RH: In terms of choosing artists for the festival we try and balance a lot of concerns. We want something new, something compelling and we want to create a balanced but diverse program. We're interested in juxtaposing a lot of different styles throughout the day. We're also interested in creating a good mix of local and national artists. FFA is a kind of melting pot for all these different factors. Basically, using those general guidelines, the actual programming comes down to Steve, Ian and I reaching out to artists we think will make a great show.
This year does look pretty awesome. I would hate to single out one thing because I'm so genuinely excited about every single artist, but I do think the UT Percussion Group performance of "Music for 18 Musicians," by Steve Reich, deserves a special shout out. Apparently (and this is according to the publisher, Boosey and Hawkes), [it] has never been performed in Austin, which is totally unbelievable to me. So, we're pretty thrilled to present the first ever performance of this monumental work in Austin.
CM: What do you think this year's performances will have in common? Is there a 2013 FFA theme emerging or is it just more of a pleasant juxtaposition?
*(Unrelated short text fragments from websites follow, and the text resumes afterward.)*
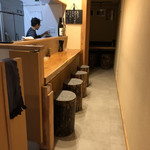 KURIYA KUSHIJIN - カウンター席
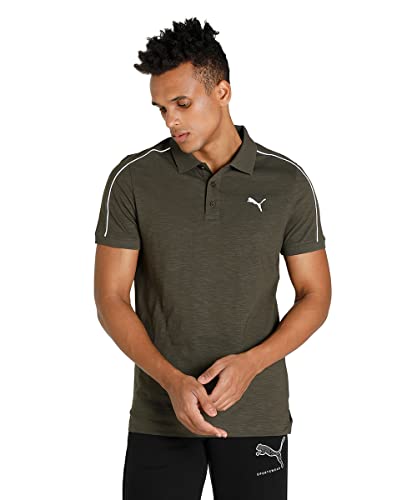 Image of PUMA Cotton Regular Fit Mens Black T-Shirt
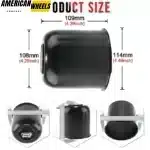 Stainless 4.25 Push Through Center Caps Removable Top Cap Trailer Center Caps - 20274341=[74311+20970] - Image 9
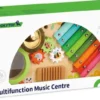 Leksaksinstrument i trä slagverksinstrument för den lilla musikern Tooky Toy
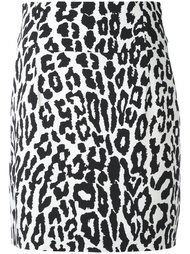 юбка с леопардовым принтом   Alexandre Vauthier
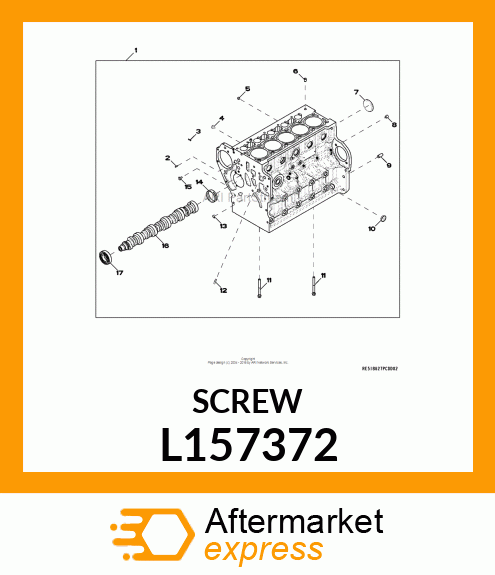 SCREW, PANHEAD FLANGED M6X16 L157372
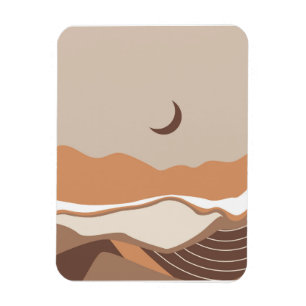 Imán Paisajes de ilustracion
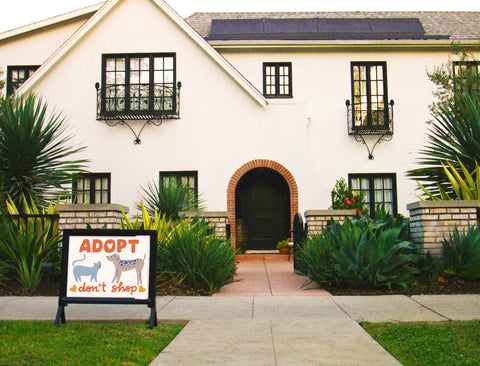 Adopt Don't Shop Yardsy Sign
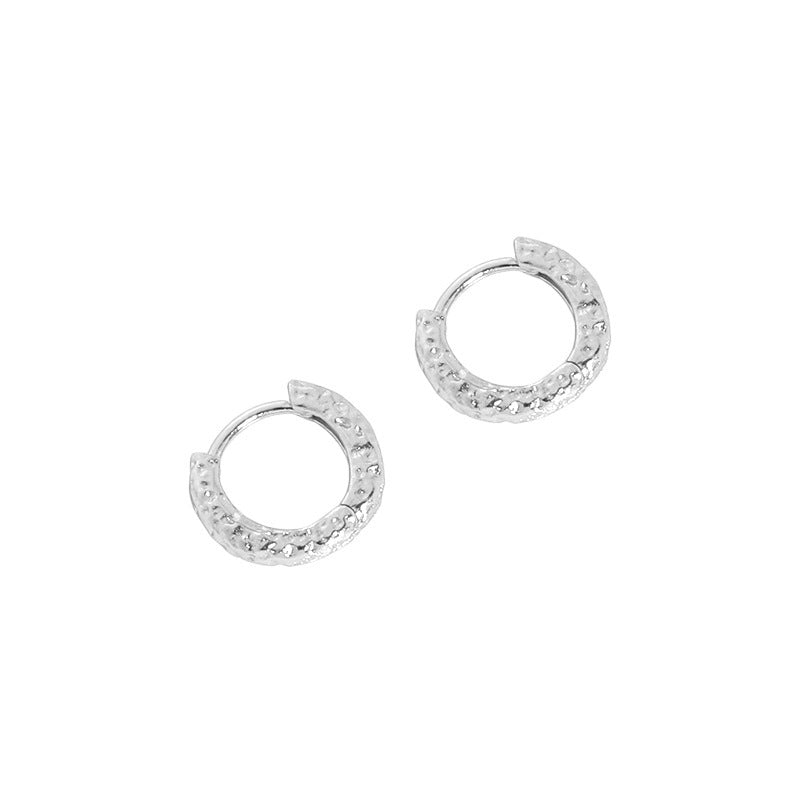 Molten Texture Huggie Earrings – image 5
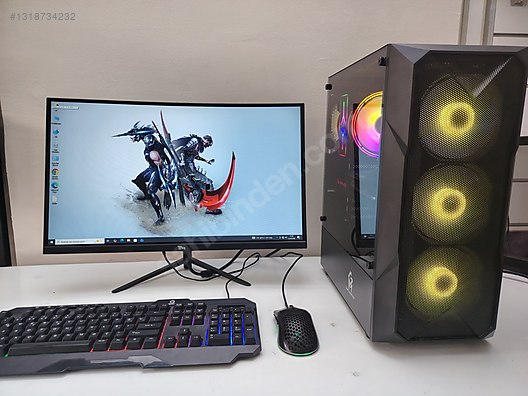 Toplama / RYZEN 5 5500 RX 5600XT 16GB RAM 512GB SSD 24 İNÇ 180 HZ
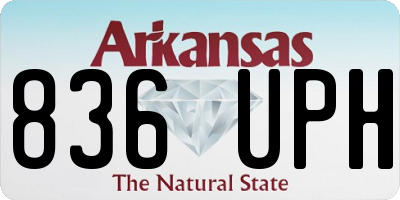 AR license plate 836UPH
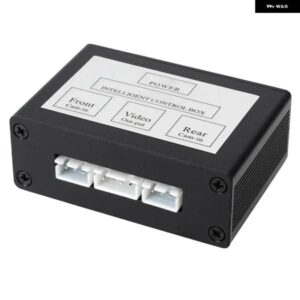 パーキング カメラ ビデオ コントロール システム チャンネルコンバーターフロントリアビュー2ウェイ コントロール ボックス 手動スイッチ付き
Ian Dicke: Musically, I think it’ll be a fairly diverse showing. If there are any similarities between the artists we invite, it is in their do-it-yourself approach to audience building. Many of our artists release records online, apply social media promotional marketing strategies on Twitter, and are comfortable playing in formal concert halls or noisy downtown bars: all at the highest level of musical artistry. These groups embody the new model emerging in the contemporary music industry, and we’d like to think that FFA is a destination for these groups to showcase what they do best.
CM: How do you think your identities as composers have informed your decisions as curators?
SS: The short answer is that we try not to let our individual identities (and tastes) as composers get in the way of what is best for the festival. However, the very fact that we are composers does play a large part in our broader goals as curators.